No One Expects . . The Scott-Lee Inquisition!

Pic Stolen here

Does anyone need this spelled out for them? Oh, well I'll do it anyway . . .

S. M. E. A. R. . . . . J. O. B.

Michael Todd inquiry to focus on 'affairs'
Courtesy of Lord Patel (once again!)

The inquiry into the tangled love life of Chief Constable Michael Todd will focus on alleged affairs with five of his staff at Greater Manchester Police, it has emerged.
Michael Todd had a three-year affair with Angie Robinson
Investigators will trawl through hundreds of his text messages and emails, as well as examining the finances of the former police chief, who was found dead on a Welsh mountainside earlier this month in a suspected suicide.
The formal inquiry into his conduct has been launched to see whether Mr Todd's private life had any impact on his duties.
The Chief Constable had affairs with three civilian staff and two officers at Greater Manchester, it is claimed.
Two women with whom he allegedly had a relationship were said to have been promoted ahead of others who were said to be better qualified.

blah deblahdeblahblah . . . . smoke and mirrors . . . . more blah blah blah

The 50-year-old, who was nicknamed "Hot Toddy", is believed to have committed suicide in a mountain range at Snowdon.

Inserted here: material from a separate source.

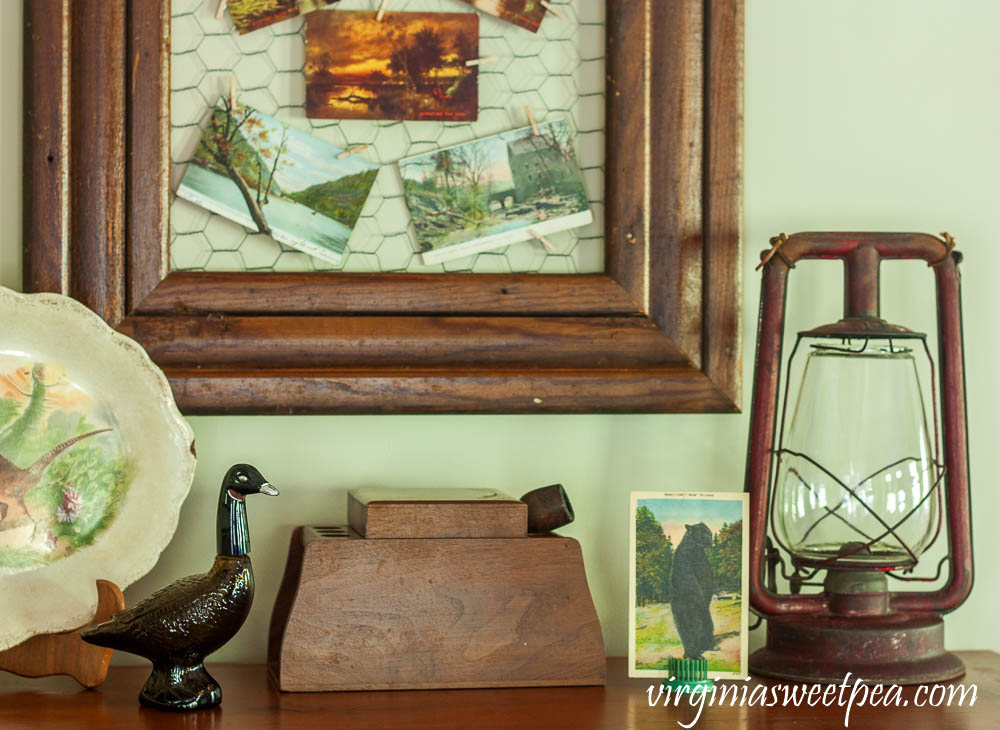 Fall Vignette with an Avon Goose Bottle, vintage pipe and tobacco box, antique lantern, and a vintage bear postcard.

eehhhhmmm, 'believed' by whom exactly?

Meanwhile, an inquest has opened and adjourned to a date yet to be fixed.

The North Wales coroner, Dewi Pritchard Jones, revealed that Mr Todd was twice the drink-drive limit in the hours before his death and his body showed signs of hypothermia.

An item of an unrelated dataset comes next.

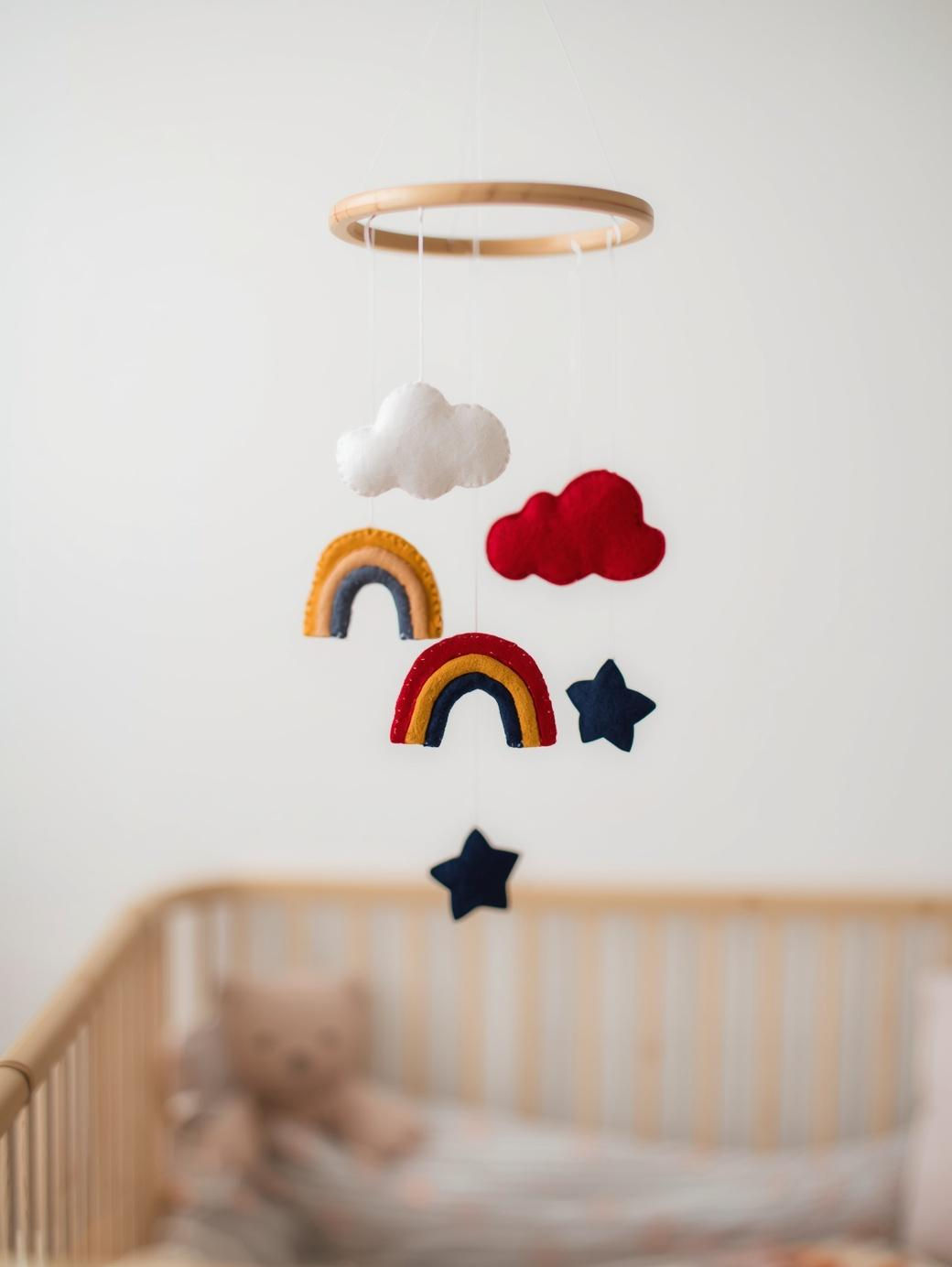 Completed DIY baby mobile featuring felt blue rainbows, fluffy clouds, and stars hanging from a wooden ring.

Now that's a complete lie.

See what they did there?

There is absolutely NO evidence that Todd's blood/alcohol level was 'twice the drink-drive limit in the hours before his death'

There is, however, evidence that Todd was

"found to have 105 milligrams of alcohol per 100 millilitres of blood in his system, Caslin said. The legal limit for driving is 80 milligrams per 100 millilitres."
http://hubriticanomaly.blogspot.com/2008/03/third-policeman.html


Sooo, let's 'do the math(s)' . . . . 80 multipled by 2 = 160

. . . . NOT 105.

and as I said in an earlier post:

I mention the difference in reporting on the blood alcohol level because I find it hard to understand how someone with less than one and a half times the legal blood/alcohol limit for driving could be described as having a 'high blood-alcohol level' especially when one considers the fact that he was on foot and in Britain a blood/alcohol level of 105 mil per 100 could not possibly be considered above average given the high level of alcohol consumption prevalent amongst the population at large.

Nor was he driving at the time, so how the level of alcohol in his blood has any relevance to the legal blood/alcohol limit whilst driving a motor vehicle is beyond me.

That said, the level of blood/alcohol in his blood was, as I said less than one and a half times the legal driving limit.

As many are no doubt aware, the legal limit is purposely set at a very low level so as to ensure that any one driving a vehicle could not legally do so if their alcohol intake was sufficient to impair their driving ability.

Hence, to say that Mr Todd had a high blood-alcohol level, when the level was a mere 105 mil per 100, is quite misleading. Why The Guardian sub-editor that wrote the headline wished to mislead us is a question open to debate...


So the Telegraph's defence for this outright lie would be that they extrapolated backwards, using as a base the low level found in his blood, to arrive at the much larger figure of a higher level which they would claim must have earlier been in his system, since we are suppossed to believe that the dead policeman drank half a bottle of spirits before he died.

All complete poppycock of course.

I wonder if any of the 'journalists' or editors working at the Telegraph are members of any apron wearing rather secretive fraternities ubiqutious throughout the British establishment?

See also:
Rescue Services ask: 'Why didn't they call us earlier?'

  • Mountain rescue chief says they could have saved top policeman on Snowdon
  • Mystery of dark suited 'spooks' waiting at bottom of mountain
  • Chinook helicopter appeared above body - but could not land
  • 'Champagne was in police chief's rucksack'

The police chief who died on a blizzard-swept mountain might have survived if rescue services had been alerted earlier, according to the expert who masterminded the recovery of his body.
Peter Walker has provided the first detailed account of the hunt on Snowdon for Greater Manchester Police Chief Constable Michael Todd.
His claims raise a series of disturbing questions about the death of Mr Todd, who was tipped as a future Scotland Yard Commissioner.
Mr Walker, 52, a veteran of hundreds of rescue operations, alleges that mountain rescue services were not called in to search for the police chief, who had been linked with a number of women, until hours after he was first reported missing.


See what they did there, once again? They made sure we knew that the dead policeman
. . . had been linked with a number of women , . .(Shock, Horror!!!)


Just in case you didn't get it the other 100 times they made sure to mention it. We should at least be grateful they're not accusing him of kiddy fiddling. . . . yet


No One expects the Spanish Inquisition!!